Maybe we could create a Multiset type, which has collect and iteration defined to give elements one-by-one, and also with a multiplicities() method to get the multiplicities of each element. Then with proper renaming, we might do
map(multiplicities, multichoose(n, k))
or even
multiplicities.(multichoose(n, k))
with the new v0.5 syntax.
As it turns out, this is implemented with the function multiexponents in this module, that also returns an interator.

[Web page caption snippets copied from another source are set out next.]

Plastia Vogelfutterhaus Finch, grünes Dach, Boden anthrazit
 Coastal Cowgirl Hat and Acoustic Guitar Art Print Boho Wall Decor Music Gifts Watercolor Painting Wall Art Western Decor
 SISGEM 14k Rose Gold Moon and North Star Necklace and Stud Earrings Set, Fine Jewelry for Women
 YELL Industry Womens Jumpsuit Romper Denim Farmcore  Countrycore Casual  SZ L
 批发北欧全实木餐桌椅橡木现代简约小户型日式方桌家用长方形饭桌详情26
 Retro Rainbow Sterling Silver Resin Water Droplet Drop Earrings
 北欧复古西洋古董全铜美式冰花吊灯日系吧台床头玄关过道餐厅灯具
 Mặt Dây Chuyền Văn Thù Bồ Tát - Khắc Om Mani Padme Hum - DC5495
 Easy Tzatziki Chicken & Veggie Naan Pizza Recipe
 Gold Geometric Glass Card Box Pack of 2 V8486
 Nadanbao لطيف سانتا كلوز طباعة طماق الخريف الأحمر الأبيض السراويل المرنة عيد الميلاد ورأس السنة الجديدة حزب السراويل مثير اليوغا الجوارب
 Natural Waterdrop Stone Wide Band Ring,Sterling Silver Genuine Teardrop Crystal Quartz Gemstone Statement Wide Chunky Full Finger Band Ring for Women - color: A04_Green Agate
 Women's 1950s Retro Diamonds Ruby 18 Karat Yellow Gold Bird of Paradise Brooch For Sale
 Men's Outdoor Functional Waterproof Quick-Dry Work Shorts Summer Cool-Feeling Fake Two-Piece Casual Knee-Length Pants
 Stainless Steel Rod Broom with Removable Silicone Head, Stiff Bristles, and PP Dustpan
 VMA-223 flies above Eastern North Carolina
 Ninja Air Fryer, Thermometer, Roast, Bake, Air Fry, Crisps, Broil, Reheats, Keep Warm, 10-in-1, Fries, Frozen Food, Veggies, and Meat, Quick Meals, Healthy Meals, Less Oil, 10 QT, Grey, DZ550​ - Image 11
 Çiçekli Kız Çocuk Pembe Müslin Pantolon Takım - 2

Some quick and dirty performance tests for the two solutions:
julia> @time multisets(7,4)
0.000108 seconds (3.78 k allocations: 208.578 KiB)
210-element Vector{Vector{Int64}}:
[4, 0, 0, 0, 0, 0, 0]
[3, 1, 0, 0, 0, 0, 0]
[3, 0, 1, 0, 0, 0, 0]
[3, 0, 0, 1, 0, 0, 0]
[3, 0, 0, 0, 1, 0, 0]
[3, 0, 0, 0, 0, 1, 0]
[3, 0, 0, 0, 0, 0, 1]
[2, 2, 0, 0, 0, 0, 0]
[2, 1, 1, 0, 0, 0, 0]
[2, 1, 0, 1, 0, 0, 0]
[2, 1, 0, 0, 1, 0, 0]
⋮
[0, 0, 0, 0, 2, 0, 2]
[0, 0, 0, 0, 1, 3, 0]
[0, 0, 0, 0, 1, 2, 1]
[0, 0, 0, 0, 1, 1, 2]
[0, 0, 0, 0, 1, 0, 3]
[0, 0, 0, 0, 0, 4, 0]
[0, 0, 0, 0, 0, 3, 1]
[0, 0, 0, 0, 0, 2, 2]
[0, 0, 0, 0, 0, 1, 3]
[0, 0, 0, 0, 0, 0, 4]
Compared with the built-in implementation:
julia> @time collect(multiexponents(7,4))
0.000051 seconds (842 allocations: 57.641 KiB)
210-element Vector{Any}:
[4, 0, 0, 0, 0, 0, 0]
[3, 1, 0, 0, 0, 0, 0]
[3, 0, 1, 0, 0, 0, 0]
[3, 0, 0, 1, 0, 0, 0]
[3, 0, 0, 0, 1, 0, 0]
[3, 0, 0, 0, 0, 1, 0]
[3, 0, 0, 0, 0, 0, 1]
[2, 2, 0, 0, 0, 0, 0]
[2, 1, 1, 0, 0, 0, 0]
[2, 1, 0, 1, 0, 0, 0]
[2, 1, 0, 0, 1, 0, 0]
⋮
[0, 0, 0, 0, 2, 0, 2]
[0, 0, 0, 0, 1, 3, 0]
[0, 0, 0, 0, 1, 2, 1]
[0, 0, 0, 0, 1, 1, 2]
[0, 0, 0, 0, 1, 0, 3]
[0, 0, 0, 0, 0, 4, 0]
[0, 0, 0, 0, 0, 3, 1]
[0, 0, 0, 0, 0, 2, 2]
[0, 0, 0, 0, 0, 1, 3]
[0, 0, 0, 0, 0, 0, 4]
As such, I would suggest closing this issue.